Tuesday, January 23, 2018

Spark Dataframes

Concept of dataframes - A data frame is a table, or two-dimensional array-like structure, in which each column contains measurements on one variable, and each row contains one case.

So, a DataFrame has additional metadata due to its tabular format, which allows Spark to run certain optimizations on the finalized query.

A DataFrame is equivalent to a table in RDBMS and can also be manipulated in similar ways to the "native" distributed collections in RDDs. Unlike RDDs , Dataframes keep track of the schema and support various relational operations that lead to more optimized execution.

Each DatafRame object represents a logical plan but because of their "lazy" nature no execution occurs until the user calls a specific "output operation".

Dataframes are distributed across worker. It is the primary abstraction in Spark SQL and immutable.

You can think of Dataframes as special type of RDD. Dataframes keep track of the schema and support various relational operations that lead to more optimized execution. An RDD, on the other hand, is merely a Resilient Distributed Dataset that is more of a blackbox of data that cannot be optimized as the operations that can be performed against it are not as constrained.

However, you can go from a DataFrame to an RDD via its rdd method, and you can go from an RDD to a DataFrame (if the RDD is in a tabular format) via the toDF method

In general it is recommended to use a DataFrame where possible due to the built in query optimization.

You can easliy switch from dataframes to RDD (1) or RDD to dataframes(2)

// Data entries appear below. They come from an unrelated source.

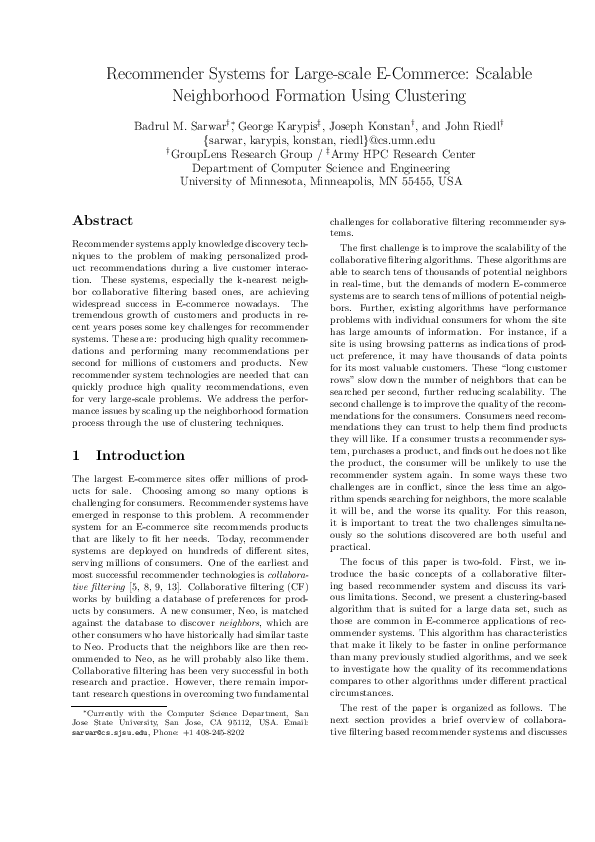 (PDF) Recommender Systems for Large-scale E-Commerce: Scalable ...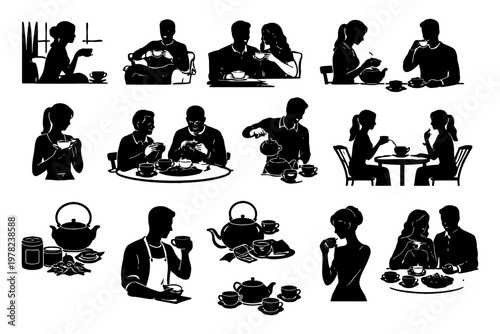 Silhouettes of people enjoying tea and coffee in social and solitary settings.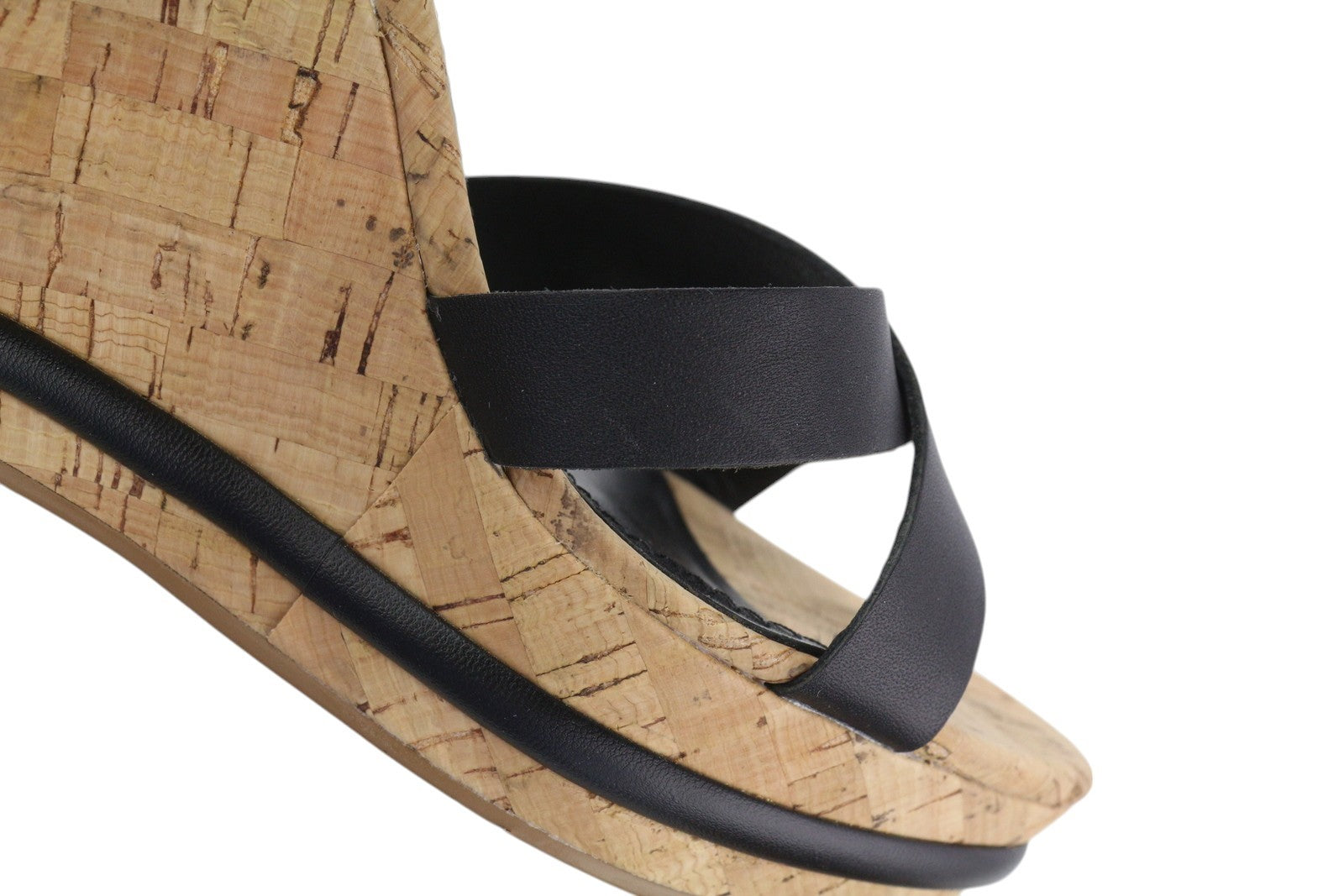 TOMMY HILFIGER Corporate Women Sandals EU40 Black Leather Wedge Strappy Open Toe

(1) val sampleRDD = sqlContext.jsonFile("hdfs://localhost:9000/jsondata.json")

(2)val sample_DF = sampleRDD.toDF()

The main disadvantage to RDDs is that they don’t perform particularly well whenever Spark needs to distribute the data within the cluster, or write the data to disk, it does so using Java serialization by default (although it is possible to use Kryo as a faster alternative in most cases). The overhead of serializing individual Java and Scala objects is expensive and requires sending both data and structure between nodes (each serialized object contains the class structure as well as the values).

There is also the overhead of garbage collection that results from creating and destroying individual objects.

Spark 1.3 introduced a new DataFrame API which seeks to improve the performance and scalability of Spark. The DataFrame API introduces the concept of a schema to describe the data, allowing Spark to manage the schema and only pass data between nodes, in a much more efficient way than using Java serialization.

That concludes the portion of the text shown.